### Prompt
Reproduce all of the data exactly as written.

### Source records

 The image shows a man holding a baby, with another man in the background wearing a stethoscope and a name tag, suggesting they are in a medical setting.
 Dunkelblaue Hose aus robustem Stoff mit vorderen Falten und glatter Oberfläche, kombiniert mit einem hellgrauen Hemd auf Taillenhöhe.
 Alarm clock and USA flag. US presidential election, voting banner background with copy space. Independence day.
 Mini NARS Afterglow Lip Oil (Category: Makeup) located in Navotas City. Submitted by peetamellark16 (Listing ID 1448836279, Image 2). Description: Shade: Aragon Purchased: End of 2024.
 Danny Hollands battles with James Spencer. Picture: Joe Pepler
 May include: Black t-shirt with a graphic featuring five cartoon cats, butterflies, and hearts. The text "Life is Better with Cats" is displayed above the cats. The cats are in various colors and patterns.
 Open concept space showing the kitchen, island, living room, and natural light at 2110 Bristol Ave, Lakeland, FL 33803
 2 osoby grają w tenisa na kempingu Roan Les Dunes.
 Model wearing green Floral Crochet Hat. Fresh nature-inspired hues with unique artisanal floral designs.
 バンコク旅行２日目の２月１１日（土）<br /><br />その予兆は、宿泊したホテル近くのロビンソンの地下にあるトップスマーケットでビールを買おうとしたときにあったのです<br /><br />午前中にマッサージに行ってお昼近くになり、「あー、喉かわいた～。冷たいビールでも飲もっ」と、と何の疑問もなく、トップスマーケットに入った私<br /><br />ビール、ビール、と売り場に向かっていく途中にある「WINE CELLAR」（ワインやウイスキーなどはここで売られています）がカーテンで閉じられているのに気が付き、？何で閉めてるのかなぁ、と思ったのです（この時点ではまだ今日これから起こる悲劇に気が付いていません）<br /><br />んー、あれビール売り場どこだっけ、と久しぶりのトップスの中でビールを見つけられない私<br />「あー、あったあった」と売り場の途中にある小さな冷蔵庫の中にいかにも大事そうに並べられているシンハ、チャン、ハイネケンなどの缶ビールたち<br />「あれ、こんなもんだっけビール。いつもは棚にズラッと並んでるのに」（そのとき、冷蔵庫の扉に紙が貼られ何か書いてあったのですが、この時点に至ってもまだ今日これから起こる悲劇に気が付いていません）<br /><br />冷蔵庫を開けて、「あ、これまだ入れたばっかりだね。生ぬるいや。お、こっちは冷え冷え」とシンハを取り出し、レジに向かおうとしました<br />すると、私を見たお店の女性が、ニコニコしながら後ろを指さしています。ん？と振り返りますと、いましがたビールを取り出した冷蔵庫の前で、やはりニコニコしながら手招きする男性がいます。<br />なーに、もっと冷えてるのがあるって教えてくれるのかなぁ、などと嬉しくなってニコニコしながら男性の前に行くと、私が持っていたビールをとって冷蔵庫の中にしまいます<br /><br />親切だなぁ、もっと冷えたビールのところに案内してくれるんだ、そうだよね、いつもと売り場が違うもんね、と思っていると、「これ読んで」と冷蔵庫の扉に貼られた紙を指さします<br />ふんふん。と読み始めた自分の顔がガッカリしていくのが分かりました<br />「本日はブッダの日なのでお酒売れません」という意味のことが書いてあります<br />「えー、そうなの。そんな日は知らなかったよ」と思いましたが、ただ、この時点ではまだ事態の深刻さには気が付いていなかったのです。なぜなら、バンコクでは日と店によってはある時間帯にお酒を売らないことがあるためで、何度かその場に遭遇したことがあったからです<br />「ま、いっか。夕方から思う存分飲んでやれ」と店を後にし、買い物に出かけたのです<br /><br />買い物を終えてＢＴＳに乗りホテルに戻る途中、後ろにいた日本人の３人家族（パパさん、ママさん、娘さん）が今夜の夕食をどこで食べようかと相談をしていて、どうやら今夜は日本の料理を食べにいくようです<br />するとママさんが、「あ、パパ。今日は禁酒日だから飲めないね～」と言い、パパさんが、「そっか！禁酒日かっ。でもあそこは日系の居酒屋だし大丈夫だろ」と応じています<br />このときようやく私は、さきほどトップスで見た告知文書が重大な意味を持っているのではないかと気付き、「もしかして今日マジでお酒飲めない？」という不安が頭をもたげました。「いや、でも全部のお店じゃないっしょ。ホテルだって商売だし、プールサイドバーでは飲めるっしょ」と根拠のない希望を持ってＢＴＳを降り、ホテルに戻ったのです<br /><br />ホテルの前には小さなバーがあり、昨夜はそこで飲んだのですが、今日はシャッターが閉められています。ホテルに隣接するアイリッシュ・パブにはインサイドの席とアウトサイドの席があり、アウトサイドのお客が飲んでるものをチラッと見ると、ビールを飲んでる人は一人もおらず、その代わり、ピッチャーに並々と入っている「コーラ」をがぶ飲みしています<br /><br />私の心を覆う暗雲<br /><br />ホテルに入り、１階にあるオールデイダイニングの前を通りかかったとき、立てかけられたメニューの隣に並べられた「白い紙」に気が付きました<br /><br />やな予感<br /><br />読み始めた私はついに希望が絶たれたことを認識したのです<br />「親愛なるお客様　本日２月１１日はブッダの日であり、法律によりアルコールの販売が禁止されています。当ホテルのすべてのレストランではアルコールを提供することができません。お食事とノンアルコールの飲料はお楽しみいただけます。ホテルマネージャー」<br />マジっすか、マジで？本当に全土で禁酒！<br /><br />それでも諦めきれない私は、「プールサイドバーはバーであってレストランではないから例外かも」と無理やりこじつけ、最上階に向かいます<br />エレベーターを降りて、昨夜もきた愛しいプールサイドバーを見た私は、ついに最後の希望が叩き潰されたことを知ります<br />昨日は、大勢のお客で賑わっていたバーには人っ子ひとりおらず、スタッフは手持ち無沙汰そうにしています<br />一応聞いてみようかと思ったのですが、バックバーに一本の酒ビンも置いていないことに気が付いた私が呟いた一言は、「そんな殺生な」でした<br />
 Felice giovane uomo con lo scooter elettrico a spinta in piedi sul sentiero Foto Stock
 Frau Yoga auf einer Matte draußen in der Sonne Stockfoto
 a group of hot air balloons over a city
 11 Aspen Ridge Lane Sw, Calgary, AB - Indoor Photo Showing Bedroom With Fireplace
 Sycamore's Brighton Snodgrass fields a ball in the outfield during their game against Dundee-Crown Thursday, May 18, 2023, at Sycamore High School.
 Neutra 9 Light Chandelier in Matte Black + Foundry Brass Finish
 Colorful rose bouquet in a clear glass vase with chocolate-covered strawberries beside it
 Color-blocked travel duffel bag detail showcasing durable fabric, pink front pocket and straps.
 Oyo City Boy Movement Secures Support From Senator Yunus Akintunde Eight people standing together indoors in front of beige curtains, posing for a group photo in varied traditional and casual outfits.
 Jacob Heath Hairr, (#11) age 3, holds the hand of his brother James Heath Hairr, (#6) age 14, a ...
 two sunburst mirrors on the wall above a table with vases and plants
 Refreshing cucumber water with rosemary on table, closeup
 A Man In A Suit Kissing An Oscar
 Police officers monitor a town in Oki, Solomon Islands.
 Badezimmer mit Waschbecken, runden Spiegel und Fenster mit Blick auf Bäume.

### Solution below
 The image shows a man holding a baby, with another man in the background wearing a stethoscope and a name tag, suggesting they are in a medical setting.
 Dunkelblaue Hose aus robustem Stoff mit vorderen Falten und glatter Oberfläche, kombiniert mit einem hellgrauen Hemd auf Taillenhöhe.
 Alarm clock and USA flag. US presidential election, voting banner background with copy space. Independence day.
 Mini NARS Afterglow Lip Oil (Category: Makeup) located in Navotas City. Submitted by peetamellark16 (Listing ID 1448836279, Image 2). Description: Shade: Aragon Purchased: End of 2024.
 Danny Hollands battles with James Spencer. Picture: Joe Pepler
 May include: Black t-shirt with a graphic featuring five cartoon cats, butterflies, and hearts. The text "Life is Better with Cats" is displayed above the cats. The cats are in various colors and patterns.
 Open concept space showing the kitchen, island, living room, and natural light at 2110 Bristol Ave, Lakeland, FL 33803
 2 osoby grają w tenisa na kempingu Roan Les Dunes.
 Model wearing green Floral Crochet Hat. Fresh nature-inspired hues with unique artisanal floral designs.
 バンコク旅行２日目の２月１１日（土）<br /><br />その予兆は、宿泊したホテル近くのロビンソンの地下にあるトップスマーケットでビールを買おうとしたときにあったのです<br /><br />午前中にマッサージに行ってお昼近くになり、「あー、喉かわいた～。冷たいビールでも飲もっ」と、と何の疑問もなく、トップスマーケットに入った私<br /><br />ビール、ビール、と売り場に向かっていく途中にある「WINE CELLAR」（ワインやウイスキーなどはここで売られています）がカーテンで閉じられているのに気が付き、？何で閉めてるのかなぁ、と思ったのです（この時点ではまだ今日これから起こる悲劇に気が付いていません）<br /><br />んー、あれビール売り場どこだっけ、と久しぶりのトップスの中でビールを見つけられない私<br />「あー、あったあった」と売り場の途中にある小さな冷蔵庫の中にいかにも大事そうに並べられているシンハ、チャン、ハイネケンなどの缶ビールたち<br />「あれ、こんなもんだっけビール。いつもは棚にズラッと並んでるのに」（そのとき、冷蔵庫の扉に紙が貼られ何か書いてあったのですが、この時点に至ってもまだ今日これから起こる悲劇に気が付いていません）<br /><br />冷蔵庫を開けて、「あ、これまだ入れたばっかりだね。生ぬるいや。お、こっちは冷え冷え」とシンハを取り出し、レジに向かおうとしました<br />すると、私を見たお店の女性が、ニコニコしながら後ろを指さしています。ん？と振り返りますと、いましがたビールを取り出した冷蔵庫の前で、やはりニコニコしながら手招きする男性がいます。<br />なーに、もっと冷えてるのがあるって教えてくれるのかなぁ、などと嬉しくなってニコニコしながら男性の前に行くと、私が持っていたビールをとって冷蔵庫の中にしまいます<br /><br />親切だなぁ、もっと冷えたビールのところに案内してくれるんだ、そうだよね、いつもと売り場が違うもんね、と思っていると、「これ読んで」と冷蔵庫の扉に貼られた紙を指さします<br />ふんふん。と読み始めた自分の顔がガッカリしていくのが分かりました<br />「本日はブッダの日なのでお酒売れません」という意味のことが書いてあります<br />「えー、そうなの。そんな日は知らなかったよ」と思いましたが、ただ、この時点ではまだ事態の深刻さには気が付いていなかったのです。なぜなら、バンコクでは日と店によってはある時間帯にお酒を売らないことがあるためで、何度かその場に遭遇したことがあったからです<br />「ま、いっか。夕方から思う存分飲んでやれ」と店を後にし、買い物に出かけたのです<br /><br />買い物を終えてＢＴＳに乗りホテルに戻る途中、後ろにいた日本人の３人家族（パパさん、ママさん、娘さん）が今夜の夕食をどこで食べようかと相談をしていて、どうやら今夜は日本の料理を食べにいくようです<br />するとママさんが、「あ、パパ。今日は禁酒日だから飲めないね～」と言い、パパさんが、「そっか！禁酒日かっ。でもあそこは日系の居酒屋だし大丈夫だろ」と応じています<br />このときようやく私は、さきほどトップスで見た告知文書が重大な意味を持っているのではないかと気付き、「もしかして今日マジでお酒飲めない？」という不安が頭をもたげました。「いや、でも全部のお店じゃないっしょ。ホテルだって商売だし、プールサイドバーでは飲めるっしょ」と根拠のない希望を持ってＢＴＳを降り、ホテルに戻ったのです<br /><br />ホテルの前には小さなバーがあり、昨夜はそこで飲んだのですが、今日はシャッターが閉められています。ホテルに隣接するアイリッシュ・パブにはインサイドの席とアウトサイドの席があり、アウトサイドのお客が飲んでるものをチラッと見ると、ビールを飲んでる人は一人もおらず、その代わり、ピッチャーに並々と入っている「コーラ」をがぶ飲みしています<br /><br />私の心を覆う暗雲<br /><br />ホテルに入り、１階にあるオールデイダイニングの前を通りかかったとき、立てかけられたメニューの隣に並べられた「白い紙」に気が付きました<br /><br />やな予感<br /><br />読み始めた私はついに希望が絶たれたことを認識したのです<br />「親愛なるお客様　本日２月１１日はブッダの日であり、法律によりアルコールの販売が禁止されています。当ホテルのすべてのレストランではアルコールを提供することができません。お食事とノンアルコールの飲料はお楽しみいただけます。ホテルマネージャー」<br />マジっすか、マジで？本当に全土で禁酒！<br /><br />それでも諦めきれない私は、「プールサイドバーはバーであってレストランではないから例外かも」と無理やりこじつけ、最上階に向かいます<br />エレベーターを降りて、昨夜もきた愛しいプールサイドバーを見た私は、ついに最後の希望が叩き潰されたことを知ります<br />昨日は、大勢のお客で賑わっていたバーには人っ子ひとりおらず、スタッフは手持ち無沙汰そうにしています<br />一応聞いてみようかと思ったのですが、バックバーに一本の酒ビンも置いていないことに気が付いた私が呟いた一言は、「そんな殺生な」でした<br />
 Felice giovane uomo con lo scooter elettrico a spinta in piedi sul sentiero Foto Stock
 Frau Yoga auf einer Matte draußen in der Sonne Stockfoto
 a group of hot air balloons over a city
 11 Aspen Ridge Lane Sw, Calgary, AB - Indoor Photo Showing Bedroom With Fireplace
 Sycamore's Brighton Snodgrass fields a ball in the outfield during their game against Dundee-Crown Thursday, May 18, 2023, at Sycamore High School.
 Neutra 9 Light Chandelier in Matte Black + Foundry Brass Finish
 Colorful rose bouquet in a clear glass vase with chocolate-covered strawberries beside it
 Color-blocked travel duffel bag detail showcasing durable fabric, pink front pocket and straps.
 Oyo City Boy Movement Secures Support From Senator Yunus Akintunde Eight people standing together indoors in front of beige curtains, posing for a group photo in varied traditional and casual outfits.
 Jacob Heath Hairr, (#11) age 3, holds the hand of his brother James Heath Hairr, (#6) age 14, a ...
 two sunburst mirrors on the wall above a table with vases and plants
 Refreshing cucumber water with rosemary on table, closeup
 A Man In A Suit Kissing An Oscar
 Police officers monitor a town in Oki, Solomon Islands.
 Badezimmer mit Waschbecken, runden Spiegel und Fenster mit Blick auf Bäume.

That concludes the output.